Yarrem nodded his head weakly. “Of course, friend.”
Finnian gently touched the side of Yarrem’s face and his eyes flipped color, landing eventually on a dull black. He pulled away quickly after a long, agonizing moment. “Oh my…” Finnian seemed disconcerted. His eyes shifted to a gray-blue and sparkled with the sheen of tears. “All you have seen…I am so sorry…”
Yarrem struggled to lift his new human hand, and awkwardly patted him on the side of the arm. “It’s okay…it’s okay. You and your friends made it all better. Thank you.” He smiled at each one of us in turn, pausing at me the longest.
I bowed my head. “You’re welcome.”
“Why don’t we bring you into the house, and get you washed up and I’ll summon another healer or so. We will get you good as new,” my grandfather said, looking at both Maxxus and Gabriel. “Will you help me bring him to the house?”
“Of course, Elder,” Maxxus said, looking expectantly to Gabriel who nodded quickly.
“I will summon Esmé and send her over.”
“Don’t you think you should…talk to him?” Gabriel asked softly in my ear as they passed.
“I will. As soon as he’s feeling better. All the way better.” I insisted and he gave a head-bob of agreement.
Evie, who’d been standing back, stepped towards me. “How are you feeling after all that?”
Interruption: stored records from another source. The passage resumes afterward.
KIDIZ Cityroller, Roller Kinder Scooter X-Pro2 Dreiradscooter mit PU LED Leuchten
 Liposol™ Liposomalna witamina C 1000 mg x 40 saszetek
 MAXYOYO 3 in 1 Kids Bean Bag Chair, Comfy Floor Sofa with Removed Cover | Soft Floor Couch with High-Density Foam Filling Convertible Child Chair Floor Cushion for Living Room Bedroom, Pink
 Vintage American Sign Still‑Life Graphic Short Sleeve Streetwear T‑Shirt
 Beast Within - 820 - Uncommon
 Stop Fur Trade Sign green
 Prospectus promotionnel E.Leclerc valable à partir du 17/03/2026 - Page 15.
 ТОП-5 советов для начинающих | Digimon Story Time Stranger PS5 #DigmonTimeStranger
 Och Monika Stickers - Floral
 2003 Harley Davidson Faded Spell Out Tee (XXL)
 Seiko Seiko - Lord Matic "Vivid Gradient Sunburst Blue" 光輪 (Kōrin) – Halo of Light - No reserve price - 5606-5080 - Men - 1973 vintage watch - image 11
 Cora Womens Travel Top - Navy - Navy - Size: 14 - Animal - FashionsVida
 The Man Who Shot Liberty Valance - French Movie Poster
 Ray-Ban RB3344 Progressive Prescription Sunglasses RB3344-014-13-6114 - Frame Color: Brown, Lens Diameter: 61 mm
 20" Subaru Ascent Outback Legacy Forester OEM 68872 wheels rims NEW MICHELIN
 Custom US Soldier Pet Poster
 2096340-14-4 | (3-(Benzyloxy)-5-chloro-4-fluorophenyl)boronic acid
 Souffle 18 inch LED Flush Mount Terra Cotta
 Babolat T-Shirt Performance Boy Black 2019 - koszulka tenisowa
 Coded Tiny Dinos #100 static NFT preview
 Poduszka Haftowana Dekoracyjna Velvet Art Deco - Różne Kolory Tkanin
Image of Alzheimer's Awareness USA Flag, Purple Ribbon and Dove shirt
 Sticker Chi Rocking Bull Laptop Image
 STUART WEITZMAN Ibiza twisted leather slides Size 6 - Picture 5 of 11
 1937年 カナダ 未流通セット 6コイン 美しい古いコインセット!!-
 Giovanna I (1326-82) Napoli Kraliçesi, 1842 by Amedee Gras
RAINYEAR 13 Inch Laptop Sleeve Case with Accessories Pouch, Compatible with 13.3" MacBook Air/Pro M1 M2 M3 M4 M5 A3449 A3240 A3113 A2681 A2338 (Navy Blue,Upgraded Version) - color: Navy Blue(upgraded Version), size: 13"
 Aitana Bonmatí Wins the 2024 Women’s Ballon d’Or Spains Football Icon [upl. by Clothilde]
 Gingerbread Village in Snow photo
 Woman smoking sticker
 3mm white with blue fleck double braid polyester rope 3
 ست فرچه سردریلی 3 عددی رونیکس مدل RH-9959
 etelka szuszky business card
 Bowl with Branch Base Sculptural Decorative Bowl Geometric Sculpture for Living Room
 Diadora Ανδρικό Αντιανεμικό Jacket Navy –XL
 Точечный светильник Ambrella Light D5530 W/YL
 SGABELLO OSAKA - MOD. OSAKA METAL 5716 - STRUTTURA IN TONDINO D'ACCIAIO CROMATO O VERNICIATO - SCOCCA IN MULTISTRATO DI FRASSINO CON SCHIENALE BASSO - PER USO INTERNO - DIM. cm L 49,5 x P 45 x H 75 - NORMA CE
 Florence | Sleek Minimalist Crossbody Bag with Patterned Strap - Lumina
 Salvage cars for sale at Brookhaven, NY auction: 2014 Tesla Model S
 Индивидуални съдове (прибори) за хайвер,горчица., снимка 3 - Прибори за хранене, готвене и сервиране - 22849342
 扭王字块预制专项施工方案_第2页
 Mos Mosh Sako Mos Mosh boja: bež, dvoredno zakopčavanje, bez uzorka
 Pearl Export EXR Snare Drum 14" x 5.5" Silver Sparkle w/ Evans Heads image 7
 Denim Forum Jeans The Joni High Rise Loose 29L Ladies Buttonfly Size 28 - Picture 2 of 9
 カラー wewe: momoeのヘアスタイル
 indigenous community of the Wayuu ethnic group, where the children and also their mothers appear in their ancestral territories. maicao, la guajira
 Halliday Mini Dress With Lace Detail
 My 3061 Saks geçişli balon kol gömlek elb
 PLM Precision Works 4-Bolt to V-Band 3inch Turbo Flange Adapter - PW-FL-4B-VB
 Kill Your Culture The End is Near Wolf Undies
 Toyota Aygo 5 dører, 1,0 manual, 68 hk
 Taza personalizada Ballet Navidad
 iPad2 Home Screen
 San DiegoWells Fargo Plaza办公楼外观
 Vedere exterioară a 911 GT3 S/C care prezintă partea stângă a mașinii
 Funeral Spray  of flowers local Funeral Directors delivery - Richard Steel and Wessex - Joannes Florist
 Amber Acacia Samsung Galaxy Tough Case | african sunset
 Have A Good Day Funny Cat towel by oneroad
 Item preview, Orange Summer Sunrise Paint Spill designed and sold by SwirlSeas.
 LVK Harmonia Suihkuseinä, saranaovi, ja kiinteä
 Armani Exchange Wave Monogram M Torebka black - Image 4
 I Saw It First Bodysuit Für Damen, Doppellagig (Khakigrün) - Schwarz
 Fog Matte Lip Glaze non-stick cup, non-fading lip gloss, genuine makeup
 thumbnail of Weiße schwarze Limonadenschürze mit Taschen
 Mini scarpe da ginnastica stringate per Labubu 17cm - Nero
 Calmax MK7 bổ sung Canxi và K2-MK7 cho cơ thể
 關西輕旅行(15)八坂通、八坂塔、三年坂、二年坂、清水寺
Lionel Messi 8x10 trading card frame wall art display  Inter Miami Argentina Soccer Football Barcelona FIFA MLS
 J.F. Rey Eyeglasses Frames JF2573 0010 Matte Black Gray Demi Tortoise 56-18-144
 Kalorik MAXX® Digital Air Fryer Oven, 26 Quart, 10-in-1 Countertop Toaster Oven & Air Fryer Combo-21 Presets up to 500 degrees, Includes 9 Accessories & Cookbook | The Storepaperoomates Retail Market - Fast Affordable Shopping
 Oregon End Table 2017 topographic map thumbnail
I shrugged. “Fine…just fine.”
“No fatigue, no dizziness at all?” she questioned.
“Nope, not even a little bit,” I said. “Huh, weird.”
“Tapping into the sorcerer’s energy helps preserve yours,” Finnian spoke knowledgably. “Good to see that’s still the case after the bonding.”
I raised a brow. “Did you think it wouldn’t be?” I asked suspiciously.
“I wasn’t sure. That was quite a spell cast on your bloodline; there’s no telling what sort of repercussions it can have on you. Either of you,” he said. “Well. Leorah thank you for helping him. He’s been suffering a long time. The things he’s seen…it’s truly terrible. Being able to give him his able-body back is the one thing he’s always wanted. So, thank you. I think you’ll have an ally in him for as long as you need it.”